Tech Study Guide
SSH Access
OpenSSH server administration on Ubuntu: sshd config, keys, authentication, host keys, logs, access control, and troubleshooting.
SSH Access
SSH is the main remote administration path for Linux servers. Operators need to understand both sides: the client connection attempt and the server policy in sshd_config, drop-in snippets, PAM, keys, account state, firewalls, and logs.
Command Examples
sudo systemctl status ssh
sudo sshd -T
grep -R '^[^#]' /etc/ssh/sshd_config /etc/ssh/sshd_config.d 2>/dev/null
journalctl -u ssh -b
ssh -vvv user@example.com
Example output and meaning:
| Command | Example output | What it does |
|---|---|---|
sudo systemctl status ssh |
Unit state, link state, DNS servers, time sync, or host identity fields. |
Shows systemd-managed state instead of inferred configuration. |
sudo sshd -T |
Concrete IDs, states, counters, versions, rows, or error strings. |
Turns the example from a command list into evidence for the next debugging step. |
grep -R '^[^#]' /etc/ssh/sshd_config /etc/ssh/sshd_config.d 2>/dev/null |
Concrete IDs, states, counters, versions, rows, or error strings. |
Turns the example from a command list into evidence for the next debugging step. |
On Ubuntu, the systemd service is commonly named ssh, even though the daemon binary is sshd.
Server Configuration
OpenSSH reads /etc/ssh/sshd_config and, on modern Ubuntu systems, may also read snippets under /etc/ssh/sshd_config.d/. Use sshd -T to see the effective server configuration after parsing.
Important controls:
PasswordAuthentication,PubkeyAuthentication,PermitRootLogin,AllowUsers/AllowGroups,KbdInteractiveAuthentication,AuthorizedKeysFile,Matchblocks.
Keys and Host Identity
User keys authenticate users. Host keys authenticate the server to clients. Do not confuse them.
If a server is rebuilt and host keys change, clients may warn about a possible man-in-the-middle attack. Verify the rebuild or key rotation before deleting known_hosts entries.
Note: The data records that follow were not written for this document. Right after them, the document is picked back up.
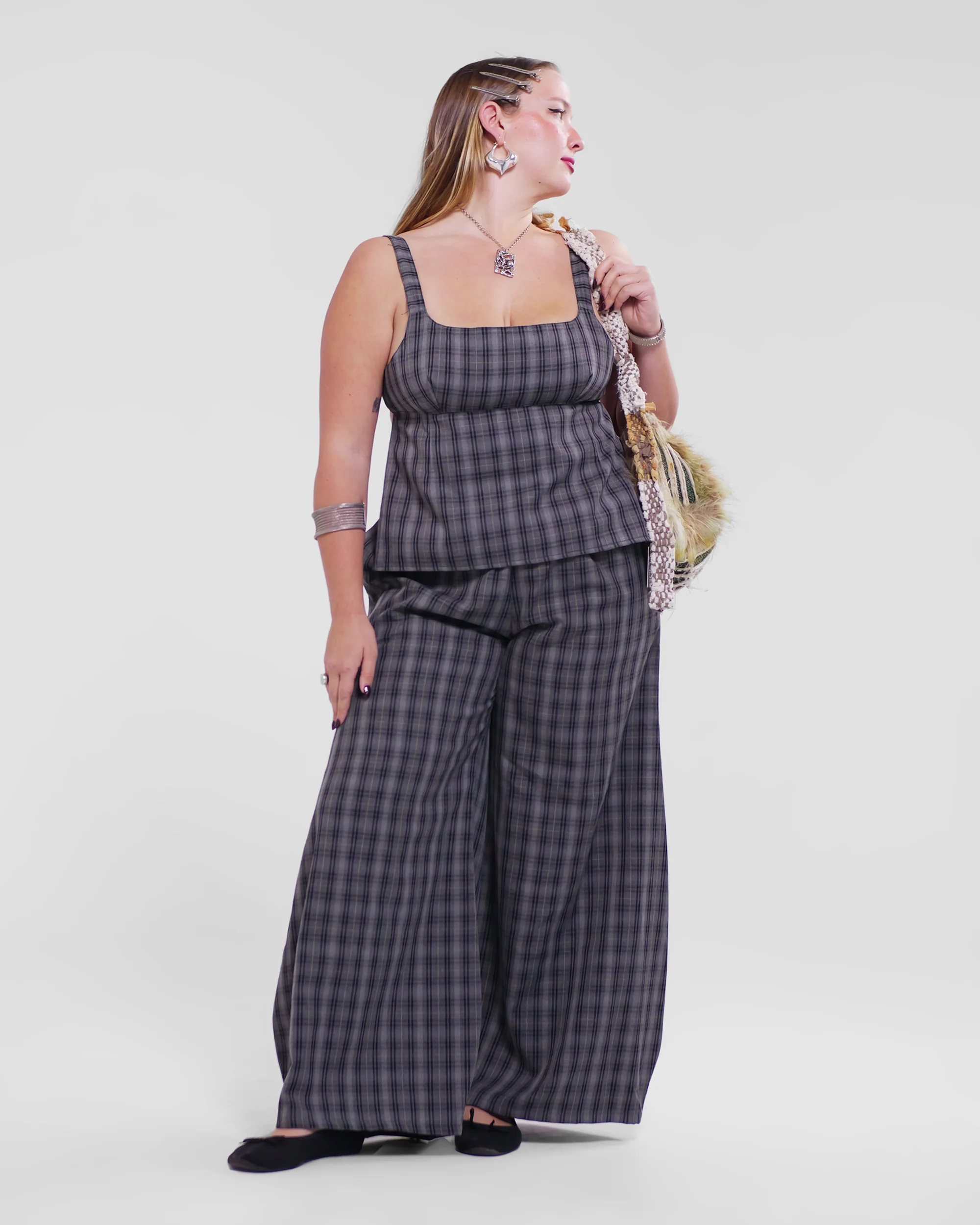 Shawties Puff Pant in Smoke Check - Image 11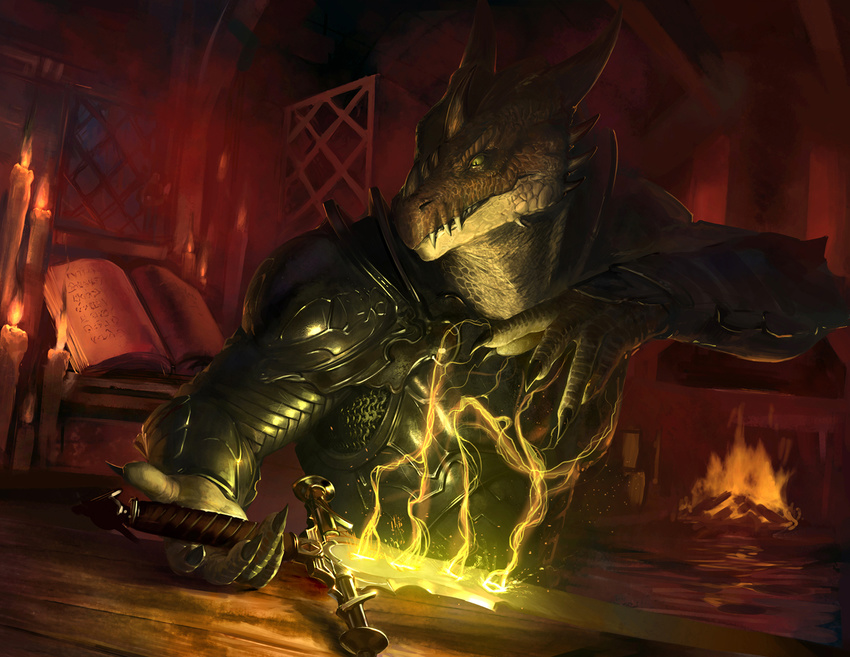 armor book candle claws detailed detailed_background dragon fangs green_eyes horn loculi magic runes sword weapon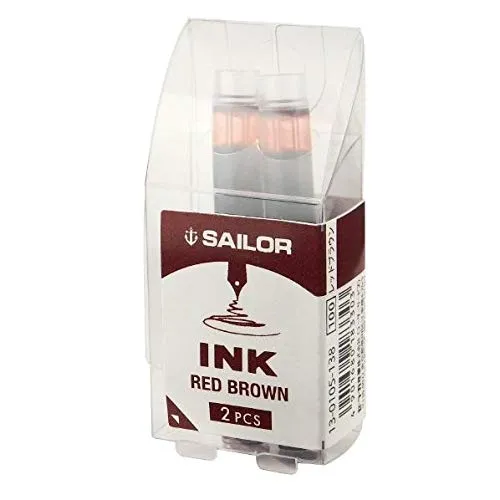 Sailor Fountain Pen with 2 Bottles of Red Brown Cartridge Ink 10 Pieces 13-0105-138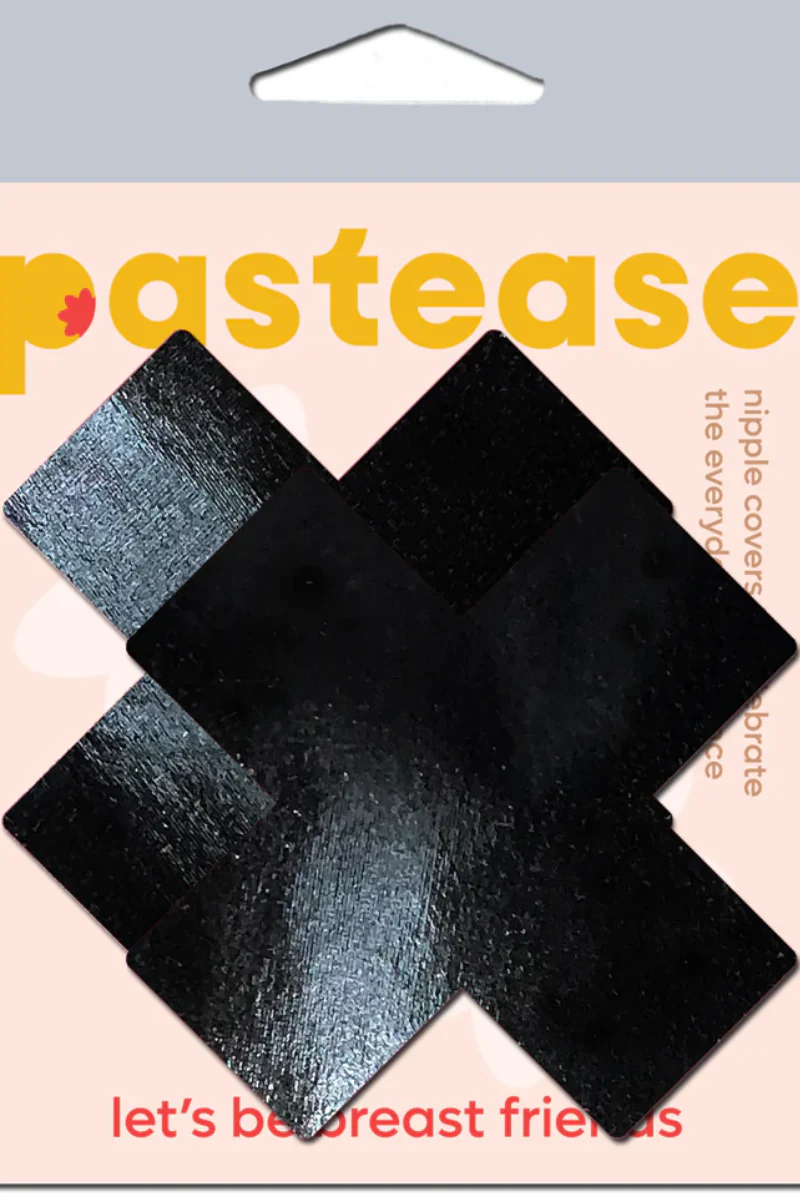 Pastease Faux Latex Pleather Vinyl Cross Nipple Pasties - Black - Image 3
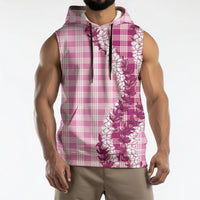 Pink Hawaii Palaka Sleeveless Hoodie Hawaiian Honohono Lei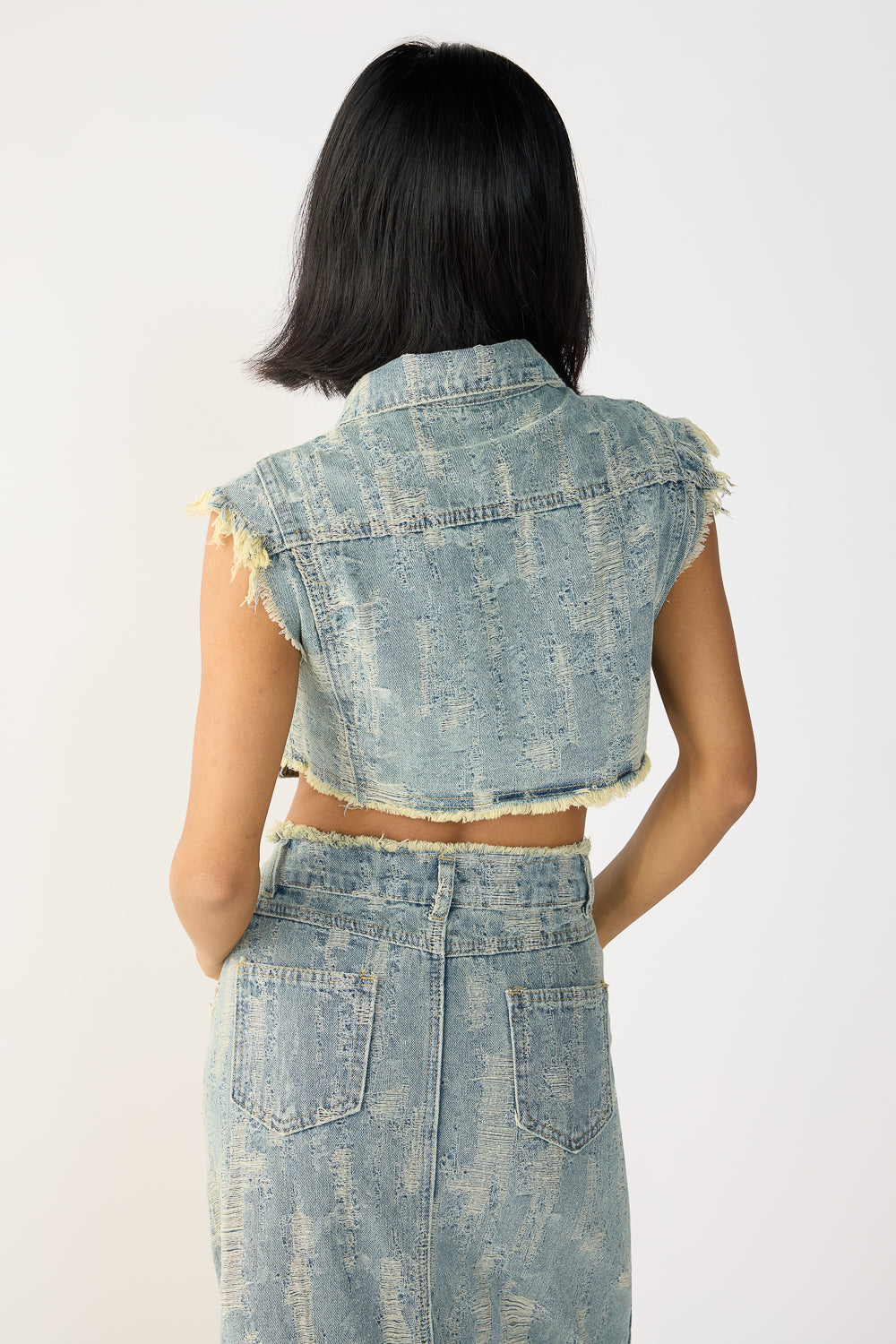 Textured Blue Denim Co-Ord Set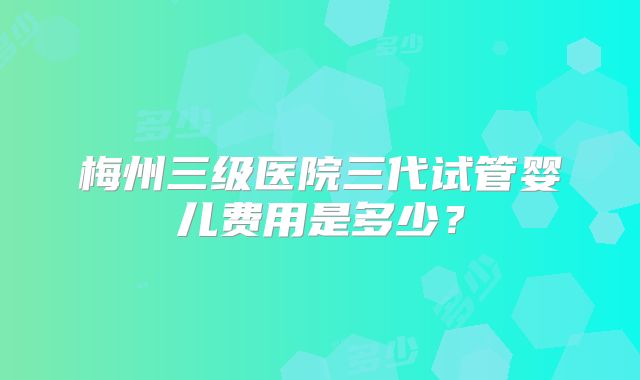 梅州三级医院三代试管婴儿费用是多少？
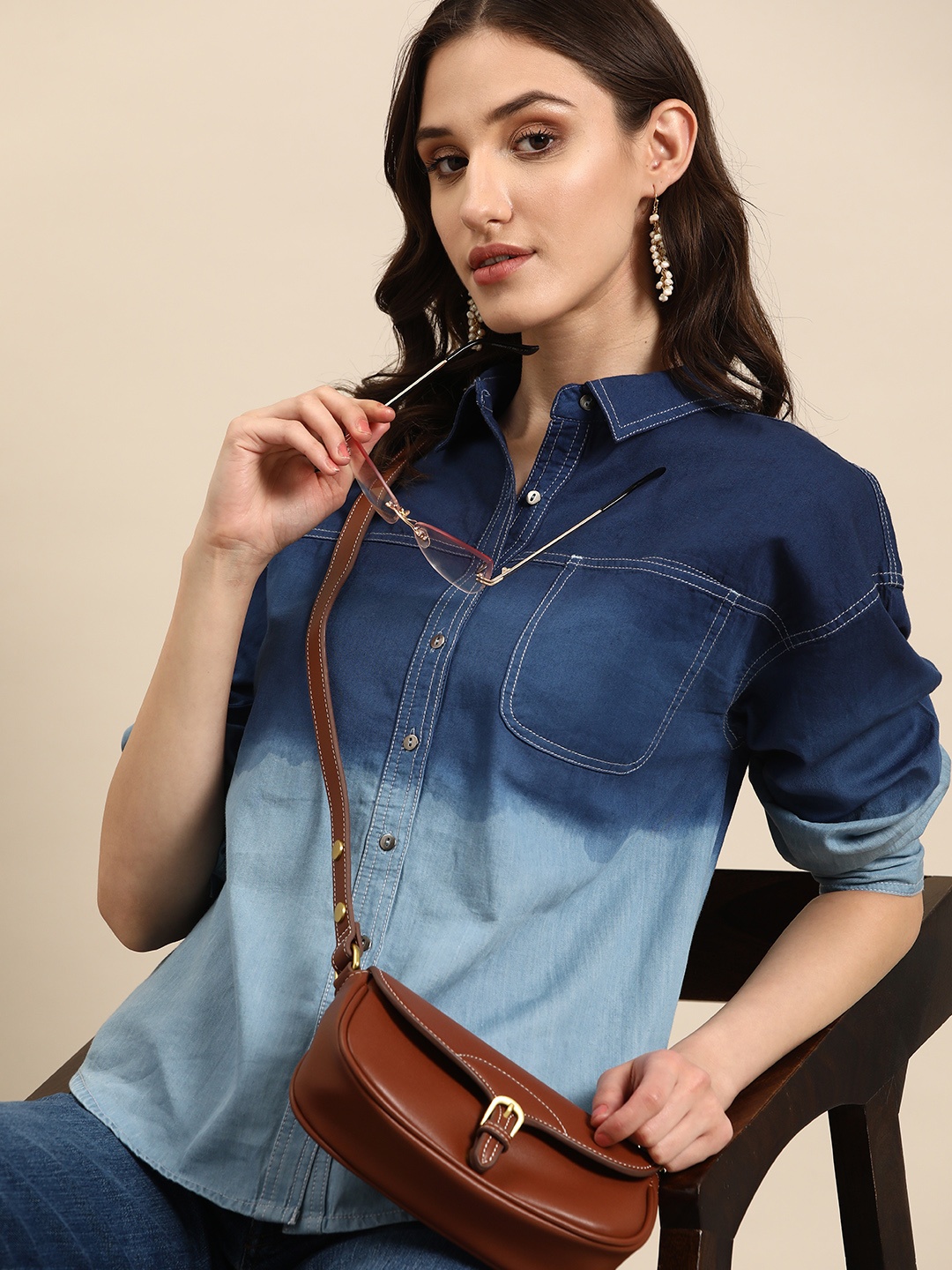 

Sangria Ombre Opaque Casual Shirt, Navy blue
Account and Permission Checks
SSH can fail even when the network is fine:
- account locked or expired,
- shell set to
nologin, - home directory or
.sshpermissions too open, - wrong ownership of
authorized_keys, - user not in an allowed group,
- PAM denies login,
- firewall or security group blocks TCP 22,
- fail2ban or similar tooling blocks the client.
Debugging Flow
- From the client, run
ssh -vvv. - On the server, watch
journalctl -u ssh -f. - Confirm effective config with
sshd -T. - Check user existence with
getent passwd <user>. - Check account state, groups, shell, home, and
.sshpermissions. - Confirm firewall and route before changing authentication policy.
Study Cards
What does sshd -T show?
The effective OpenSSH server configuration after parsing config files and defaults.
What is the difference between user keys and host keys?
User keys authenticate users to the server; host keys authenticate the server to clients.
Why watch journalctl -u ssh during login tests?
Server logs show policy, PAM, key, account, and authentication failures that the client may summarize poorly.